The High-Density Fixed Point for Nonneutral Plasma Compression.

A new ``strong-drive'' regime was recently discovered for the radial compression of single component plasmas in Penning-Malmberg traps using a rotating electric field [the so-called rotating wall (RW) technique]\footnote{J. R. Danielson and C. M. Surko, {\it Phys. Rev. Lett.} {\bf 95}, 035001 (2005); and {\it Phys. Plasmas} {\bf 13}, 055706 (2006).}. The transition to this regime occurs via a bifurcation, and the steady-state density exhibits hysteresis as a function of the applied RW voltage.
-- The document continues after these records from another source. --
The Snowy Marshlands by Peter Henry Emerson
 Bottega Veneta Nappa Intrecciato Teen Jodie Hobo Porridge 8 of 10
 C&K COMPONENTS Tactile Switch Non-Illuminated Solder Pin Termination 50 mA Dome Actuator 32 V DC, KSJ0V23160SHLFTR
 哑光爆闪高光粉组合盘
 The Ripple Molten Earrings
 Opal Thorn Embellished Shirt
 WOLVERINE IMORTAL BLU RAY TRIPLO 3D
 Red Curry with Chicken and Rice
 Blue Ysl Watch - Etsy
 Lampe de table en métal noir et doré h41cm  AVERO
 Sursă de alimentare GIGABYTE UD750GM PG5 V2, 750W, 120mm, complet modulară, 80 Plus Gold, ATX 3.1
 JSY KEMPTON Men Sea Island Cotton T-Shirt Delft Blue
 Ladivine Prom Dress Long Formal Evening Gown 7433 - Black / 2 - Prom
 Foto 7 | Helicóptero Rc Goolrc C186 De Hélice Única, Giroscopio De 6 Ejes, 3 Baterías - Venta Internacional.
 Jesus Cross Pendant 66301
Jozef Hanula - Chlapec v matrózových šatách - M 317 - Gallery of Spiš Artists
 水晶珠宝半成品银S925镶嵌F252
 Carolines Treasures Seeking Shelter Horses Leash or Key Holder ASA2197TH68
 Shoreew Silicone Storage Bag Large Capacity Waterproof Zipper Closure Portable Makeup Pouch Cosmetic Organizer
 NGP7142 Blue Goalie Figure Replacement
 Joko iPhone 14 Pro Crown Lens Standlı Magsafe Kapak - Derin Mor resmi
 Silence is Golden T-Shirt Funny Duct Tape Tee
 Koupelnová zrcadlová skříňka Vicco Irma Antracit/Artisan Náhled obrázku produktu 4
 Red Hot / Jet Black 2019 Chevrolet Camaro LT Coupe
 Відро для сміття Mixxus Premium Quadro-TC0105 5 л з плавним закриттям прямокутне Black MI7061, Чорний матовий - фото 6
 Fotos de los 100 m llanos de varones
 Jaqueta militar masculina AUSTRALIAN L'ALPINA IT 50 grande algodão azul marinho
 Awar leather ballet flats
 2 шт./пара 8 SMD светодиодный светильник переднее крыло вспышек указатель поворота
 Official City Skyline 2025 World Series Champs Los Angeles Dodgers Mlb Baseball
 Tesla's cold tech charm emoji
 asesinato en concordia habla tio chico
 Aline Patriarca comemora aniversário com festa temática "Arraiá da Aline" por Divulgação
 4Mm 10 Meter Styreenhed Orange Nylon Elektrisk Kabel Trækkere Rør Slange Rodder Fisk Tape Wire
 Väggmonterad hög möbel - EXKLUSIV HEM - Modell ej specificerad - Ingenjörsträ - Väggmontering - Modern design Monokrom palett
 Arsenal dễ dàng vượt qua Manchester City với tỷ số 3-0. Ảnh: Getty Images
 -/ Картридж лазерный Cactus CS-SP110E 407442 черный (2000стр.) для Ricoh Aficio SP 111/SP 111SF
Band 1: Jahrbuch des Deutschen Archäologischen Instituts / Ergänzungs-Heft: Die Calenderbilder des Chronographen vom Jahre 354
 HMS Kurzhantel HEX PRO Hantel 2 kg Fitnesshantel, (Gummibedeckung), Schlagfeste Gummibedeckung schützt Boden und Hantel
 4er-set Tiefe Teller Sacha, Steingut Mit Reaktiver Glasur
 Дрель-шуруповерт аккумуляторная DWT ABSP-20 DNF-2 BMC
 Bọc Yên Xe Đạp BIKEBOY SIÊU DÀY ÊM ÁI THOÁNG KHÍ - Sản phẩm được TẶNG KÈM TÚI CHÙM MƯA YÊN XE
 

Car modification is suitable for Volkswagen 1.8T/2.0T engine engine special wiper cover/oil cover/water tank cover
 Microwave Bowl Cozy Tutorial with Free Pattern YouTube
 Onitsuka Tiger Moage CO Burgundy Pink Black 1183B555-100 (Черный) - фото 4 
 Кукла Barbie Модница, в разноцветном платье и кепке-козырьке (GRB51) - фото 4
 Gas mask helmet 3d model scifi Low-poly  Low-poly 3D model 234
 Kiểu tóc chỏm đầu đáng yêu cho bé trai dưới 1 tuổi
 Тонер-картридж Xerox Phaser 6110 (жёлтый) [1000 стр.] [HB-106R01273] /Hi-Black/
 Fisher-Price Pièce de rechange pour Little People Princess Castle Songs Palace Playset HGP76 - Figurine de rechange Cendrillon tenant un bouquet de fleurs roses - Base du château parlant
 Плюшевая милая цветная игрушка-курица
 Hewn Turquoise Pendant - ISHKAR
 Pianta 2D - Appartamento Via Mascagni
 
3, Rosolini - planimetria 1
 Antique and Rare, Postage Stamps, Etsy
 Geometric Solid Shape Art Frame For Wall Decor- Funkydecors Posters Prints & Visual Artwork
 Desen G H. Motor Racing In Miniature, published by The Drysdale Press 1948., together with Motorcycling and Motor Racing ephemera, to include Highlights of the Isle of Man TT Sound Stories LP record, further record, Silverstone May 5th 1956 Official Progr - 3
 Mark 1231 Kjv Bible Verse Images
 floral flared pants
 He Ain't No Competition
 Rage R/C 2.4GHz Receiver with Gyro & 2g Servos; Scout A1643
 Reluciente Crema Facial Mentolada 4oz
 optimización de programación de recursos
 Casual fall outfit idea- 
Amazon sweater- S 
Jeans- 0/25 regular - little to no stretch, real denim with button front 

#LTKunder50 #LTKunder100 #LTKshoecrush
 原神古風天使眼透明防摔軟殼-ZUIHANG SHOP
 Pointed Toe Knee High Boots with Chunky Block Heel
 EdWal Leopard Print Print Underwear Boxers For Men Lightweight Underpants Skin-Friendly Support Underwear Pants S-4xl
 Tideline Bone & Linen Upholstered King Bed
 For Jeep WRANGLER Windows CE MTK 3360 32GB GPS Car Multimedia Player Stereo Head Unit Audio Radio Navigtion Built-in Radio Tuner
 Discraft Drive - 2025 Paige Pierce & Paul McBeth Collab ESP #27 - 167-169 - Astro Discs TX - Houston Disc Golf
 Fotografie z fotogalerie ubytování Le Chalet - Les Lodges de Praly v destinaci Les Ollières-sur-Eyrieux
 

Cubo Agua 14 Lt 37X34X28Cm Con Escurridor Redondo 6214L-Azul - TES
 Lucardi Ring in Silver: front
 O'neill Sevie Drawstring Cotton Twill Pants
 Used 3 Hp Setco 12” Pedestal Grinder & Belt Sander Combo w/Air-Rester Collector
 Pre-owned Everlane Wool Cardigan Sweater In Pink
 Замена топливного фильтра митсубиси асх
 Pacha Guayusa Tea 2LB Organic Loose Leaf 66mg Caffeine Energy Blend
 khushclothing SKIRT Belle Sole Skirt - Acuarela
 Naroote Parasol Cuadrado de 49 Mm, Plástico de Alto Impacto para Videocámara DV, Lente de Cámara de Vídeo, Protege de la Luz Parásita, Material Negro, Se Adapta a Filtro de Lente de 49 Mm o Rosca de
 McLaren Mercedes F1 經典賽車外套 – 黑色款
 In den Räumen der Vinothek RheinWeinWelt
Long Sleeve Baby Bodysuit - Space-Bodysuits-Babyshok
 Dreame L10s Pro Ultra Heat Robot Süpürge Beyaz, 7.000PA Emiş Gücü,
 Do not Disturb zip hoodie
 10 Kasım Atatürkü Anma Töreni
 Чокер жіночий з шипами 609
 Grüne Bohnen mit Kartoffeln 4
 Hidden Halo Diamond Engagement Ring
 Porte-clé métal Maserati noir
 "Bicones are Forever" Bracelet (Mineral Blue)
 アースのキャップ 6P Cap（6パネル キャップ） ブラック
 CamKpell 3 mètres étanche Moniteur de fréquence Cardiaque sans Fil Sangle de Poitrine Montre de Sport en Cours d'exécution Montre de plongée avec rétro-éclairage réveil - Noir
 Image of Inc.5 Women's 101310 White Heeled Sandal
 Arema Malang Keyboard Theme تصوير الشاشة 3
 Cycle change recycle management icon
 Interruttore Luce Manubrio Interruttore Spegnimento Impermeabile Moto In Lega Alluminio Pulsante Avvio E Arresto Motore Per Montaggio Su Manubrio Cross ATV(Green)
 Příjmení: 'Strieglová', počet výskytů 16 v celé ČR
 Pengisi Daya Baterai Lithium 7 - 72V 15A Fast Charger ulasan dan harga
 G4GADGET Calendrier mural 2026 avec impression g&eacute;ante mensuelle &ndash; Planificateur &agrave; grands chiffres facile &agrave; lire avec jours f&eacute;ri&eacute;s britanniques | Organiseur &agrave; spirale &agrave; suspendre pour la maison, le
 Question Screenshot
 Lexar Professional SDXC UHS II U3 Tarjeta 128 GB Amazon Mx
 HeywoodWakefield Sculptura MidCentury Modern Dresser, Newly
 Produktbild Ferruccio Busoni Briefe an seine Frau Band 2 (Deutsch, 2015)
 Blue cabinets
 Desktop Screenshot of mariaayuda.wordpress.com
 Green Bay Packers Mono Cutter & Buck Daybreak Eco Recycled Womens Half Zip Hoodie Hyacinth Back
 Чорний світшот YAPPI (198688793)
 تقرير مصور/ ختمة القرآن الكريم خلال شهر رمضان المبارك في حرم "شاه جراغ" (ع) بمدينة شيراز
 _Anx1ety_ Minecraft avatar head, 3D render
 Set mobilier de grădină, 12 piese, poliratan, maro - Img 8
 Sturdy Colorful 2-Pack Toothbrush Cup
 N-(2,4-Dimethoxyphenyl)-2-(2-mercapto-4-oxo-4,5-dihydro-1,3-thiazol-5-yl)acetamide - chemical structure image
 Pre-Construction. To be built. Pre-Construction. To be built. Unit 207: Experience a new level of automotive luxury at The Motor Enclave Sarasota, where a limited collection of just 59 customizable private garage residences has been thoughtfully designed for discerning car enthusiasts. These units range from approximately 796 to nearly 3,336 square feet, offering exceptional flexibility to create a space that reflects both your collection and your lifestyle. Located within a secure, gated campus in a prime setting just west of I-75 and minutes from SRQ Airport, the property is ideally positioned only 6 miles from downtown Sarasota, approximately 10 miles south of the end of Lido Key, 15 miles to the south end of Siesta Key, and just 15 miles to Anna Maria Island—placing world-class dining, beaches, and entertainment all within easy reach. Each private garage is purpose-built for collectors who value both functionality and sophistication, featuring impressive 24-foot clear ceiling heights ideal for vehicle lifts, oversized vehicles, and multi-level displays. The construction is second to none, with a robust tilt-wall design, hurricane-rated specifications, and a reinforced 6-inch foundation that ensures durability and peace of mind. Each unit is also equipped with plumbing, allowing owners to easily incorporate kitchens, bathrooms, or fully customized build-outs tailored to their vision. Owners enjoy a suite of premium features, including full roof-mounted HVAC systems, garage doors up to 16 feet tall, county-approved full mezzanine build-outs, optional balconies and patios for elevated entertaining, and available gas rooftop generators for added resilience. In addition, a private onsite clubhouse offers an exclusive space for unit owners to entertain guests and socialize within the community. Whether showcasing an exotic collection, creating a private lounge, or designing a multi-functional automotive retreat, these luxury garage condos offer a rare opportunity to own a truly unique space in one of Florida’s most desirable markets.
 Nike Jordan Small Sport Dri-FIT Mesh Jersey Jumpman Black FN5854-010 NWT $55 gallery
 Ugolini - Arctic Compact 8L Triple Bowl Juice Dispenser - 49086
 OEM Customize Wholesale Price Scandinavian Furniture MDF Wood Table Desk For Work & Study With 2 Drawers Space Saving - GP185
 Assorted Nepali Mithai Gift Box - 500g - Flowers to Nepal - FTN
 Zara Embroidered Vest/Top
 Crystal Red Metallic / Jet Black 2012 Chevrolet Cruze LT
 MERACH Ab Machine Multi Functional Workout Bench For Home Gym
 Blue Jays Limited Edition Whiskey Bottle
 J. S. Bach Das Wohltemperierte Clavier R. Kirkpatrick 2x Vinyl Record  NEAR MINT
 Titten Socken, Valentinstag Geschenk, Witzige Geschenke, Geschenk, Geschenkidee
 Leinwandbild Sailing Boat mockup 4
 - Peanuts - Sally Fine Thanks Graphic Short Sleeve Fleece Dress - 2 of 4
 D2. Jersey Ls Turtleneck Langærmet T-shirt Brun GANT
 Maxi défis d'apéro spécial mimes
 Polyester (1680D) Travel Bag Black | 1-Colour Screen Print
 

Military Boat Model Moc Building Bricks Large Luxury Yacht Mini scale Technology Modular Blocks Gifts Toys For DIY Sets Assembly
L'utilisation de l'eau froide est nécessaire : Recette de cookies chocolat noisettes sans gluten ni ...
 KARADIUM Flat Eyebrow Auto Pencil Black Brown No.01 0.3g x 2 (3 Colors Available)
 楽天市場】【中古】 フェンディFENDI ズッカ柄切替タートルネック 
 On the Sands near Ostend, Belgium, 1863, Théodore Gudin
Plasmas can be compressed until the E x B rotation frequency, $\omega_{E}$ ($\omega_{E} \propto$ n, the plasma density) approaches the applied frequency, $\omega_{RW}$. Here, we discuss a simple nonlinear model that explains these observations as convergence to an attracting, high-density fixed point - a torque-balanced steady state. Measurements of the RW torque magnitude and dependence on drive voltage are presented. Quantitative agreement is found with a newly developed theory\footnote{M. W. Anderson and T. M. O'Neil, adjacent poster.} that calculates the torque near the fixed point produced by the Debye-shielded RW electric field. Applications of the RW technique in this high-density, strong-drive regime and factors limiting its utility will be discussed.